Let $\phi: G_1 \rightarrow G_2$ be a group homomorphism. Let $K$ = {$g$ | $f(g) = e_2$}, where $e_2$ is the identity element of $G_2$. Let $R$ be the equivalence relation s.t. $aRb$ if $f(a) = f(b)$ for some map $f: X \rightarrow Y$. Show that $g_1 R g_2$ if and only if $g_1 ^{-1} g_2 \in K$.

How do I show that this is true? We start with $\phi(g_1$) = $\phi(g_2$), right? But how does that relate to $K$? What I have so far is:

If $g_1 ^{-1} g_2 \in K$, then $\phi(g_1 ^{-1} g_2)$ = $e_2$. By the homomorphic property, $\phi(g_1 ^{-1} g_2)$ = $\phi(g_1 ^{-1}$)$\phi(g_2)$ = $e_2$. But this is where I get stuck.

Any help would be great. Thank you.

Answer 1

If you want to show it yourself, the trick is seeing that $\phi(g^n) = \phi(g)^n$ (for $n\in\mathbb Z$, and importantly for $n = -1$).

I've included both proofs below:

$f(a) = f(b)\implies b^{-1}a\in K$

If you assume that $f(a) = f(b)$ for some map $f$, then we have that $f(b)\in Y$, a group, so $f(b)^{-1}$ is sensible. We can left multiply by this to get that $f(b)^{-1}f(a) = e_2$, then use the homomorphism property to get that $f(b^{-1}a) = e_2$, so $b^{-1}a\in K$.

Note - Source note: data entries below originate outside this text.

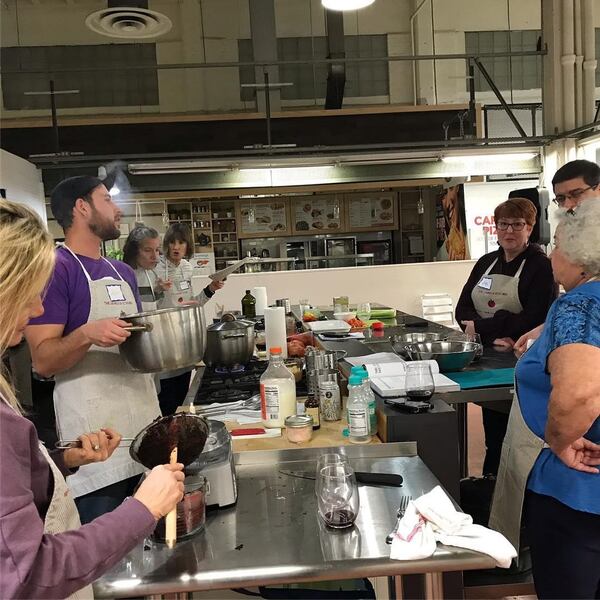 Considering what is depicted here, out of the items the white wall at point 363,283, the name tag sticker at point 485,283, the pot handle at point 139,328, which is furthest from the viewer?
the white wall at point 363,283

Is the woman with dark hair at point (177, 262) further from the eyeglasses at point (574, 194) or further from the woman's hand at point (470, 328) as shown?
the eyeglasses at point (574, 194)

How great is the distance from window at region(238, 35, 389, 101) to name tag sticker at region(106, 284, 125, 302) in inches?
291

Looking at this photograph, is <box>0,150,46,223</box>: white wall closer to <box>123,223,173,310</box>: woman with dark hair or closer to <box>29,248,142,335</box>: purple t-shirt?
<box>123,223,173,310</box>: woman with dark hair

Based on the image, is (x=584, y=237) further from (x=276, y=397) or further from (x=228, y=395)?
(x=228, y=395)

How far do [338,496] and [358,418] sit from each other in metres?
0.49

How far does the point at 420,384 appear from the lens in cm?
194

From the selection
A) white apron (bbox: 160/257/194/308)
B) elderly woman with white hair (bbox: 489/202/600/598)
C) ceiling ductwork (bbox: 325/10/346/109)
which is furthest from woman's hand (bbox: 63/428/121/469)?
ceiling ductwork (bbox: 325/10/346/109)

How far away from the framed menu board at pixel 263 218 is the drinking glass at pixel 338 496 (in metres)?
7.80

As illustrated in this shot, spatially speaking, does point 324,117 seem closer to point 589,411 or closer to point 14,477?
point 589,411

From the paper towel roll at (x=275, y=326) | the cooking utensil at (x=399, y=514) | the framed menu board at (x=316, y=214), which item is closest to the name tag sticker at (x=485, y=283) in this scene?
the paper towel roll at (x=275, y=326)

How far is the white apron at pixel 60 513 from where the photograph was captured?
1114 mm

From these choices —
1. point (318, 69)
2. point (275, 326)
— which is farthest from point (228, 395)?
point (318, 69)

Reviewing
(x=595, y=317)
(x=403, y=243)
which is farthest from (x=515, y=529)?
(x=403, y=243)

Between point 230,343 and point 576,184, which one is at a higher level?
point 576,184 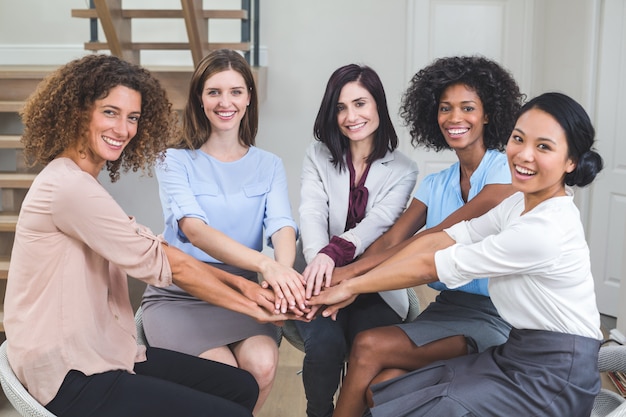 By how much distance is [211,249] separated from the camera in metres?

$b^{-1}a\in K\implies f(a) = f(b)$

Now, assume that $g_1^{-1}g_2\in K$. Then, we have that $f(g_1^{-1}g_2) = e_2$. We can apply the homomorphism property to get that $f(g_1)^{-1}f(g_2) = e_2$, and now left multiply by $f(g_1)$ to get that $f(g_2) = f(g_1)$, so $g_2Rg_1$, as desired.

For a proof of $\phi(g^n) = \phi(g)^n$, see below:

For $n\in\mathbb N$, you can do a simple induction on the homomorphism property. The same follows for $n\leq 0$ once you've established that $\phi(g^{-1}) = \phi(g)^{-1}$. To see this, note that $e = \phi(e) = \phi(gg^{-1}) = \phi(g)\phi(g^{-1})$. As $\phi(g)$ and $\phi(g^{-1})$ multiply to the identity, they must be inverses. As inverses are unique, we can denote $\phi(g)^{-1} = \phi(g^{-1})$.

Answer 2

Note that $\phi(g^{-1})=\phi(g)^{-1}$ and $\phi(e_1)=e_2$, which should be easy to verify on your own. Applying either of these facts to what you already figured out should immediately give you the conclusion.

And more generally what Mark says is true.